Note: If instead of Java you'd like to use another language take a look at CommandLineAdaptor.

Table Of Contents

Basic GSA Setup

  1. Add the IP address of the computer that hosts the adaptor to the List of Trusted IP Addresses on the GSA.

    In the GSA's Admin Console, go to Content Sources > Feeds, and scroll down to List of Trusted IP Addresses. Add the IP address for the adaptor to the list.

  2. Add the URLs provided by the adaptor to the Follow Patterns on the GSA.

    In the Admin console, go to Content Sources > Web Crawl > Start and Block URLs , and scroll down to Follow Patterns. Add an entry like hostname:port/ where hostname is the hostname of the machine that hosts the adaptor and port defaults to 5678 (read on to change port number).

Running the Adaptor Template, as an initial test

  1. You should have already installed JDK 6 or higher and gotten a plexi release (download from https://code.google.com/p/plexi/). From the downloaded release zip file, use the extracted adaptor jar (eg: adaptor-20130612-withlib.jar) and extracted adaptor examples jar (eg: examples/adaptor-20130612-examples.jar). If instead of working from a release you are working from source code you can build the required jars by running:
    ant dist
    cd dist

    The needed jars will be in a zip file within the current directory (eg: adaptor-20130612-bin.zip will have adaptor-20130612-withlib.jar and examples/adaptor-20130612-examples.jar).

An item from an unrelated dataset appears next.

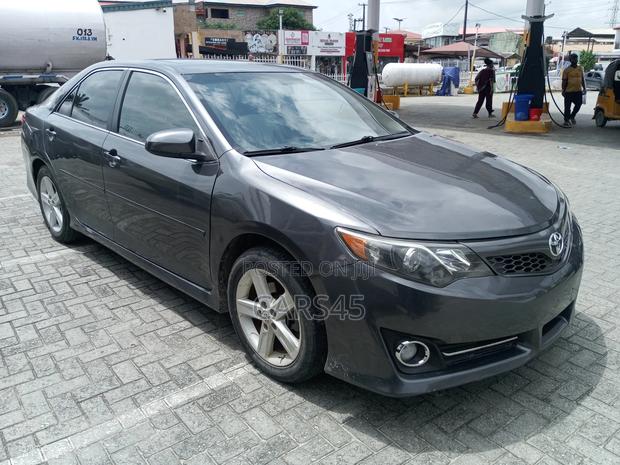 Toyota Camry 2012 Gray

  2. Create an adaptor-config.properties text file in the current directory that looks like:
    gsa.hostname=mygsahostname

    You should replace mygsahostname with the hostname or IP of your GSA. This file allows you to do other configuration of the adaptor library like changing the server port and feed name:

    gsa.hostname=mygsahostname
    server.port=6677
    feed.name=mydocfeedtogsa

    Later, if you have trouble with the adaptor library incorrectly auto-detecting your computer's hostname, then you may need to add a line like:

    server.hostname=yourcomputershostname

    For a list and explanation of available configruation options view Config.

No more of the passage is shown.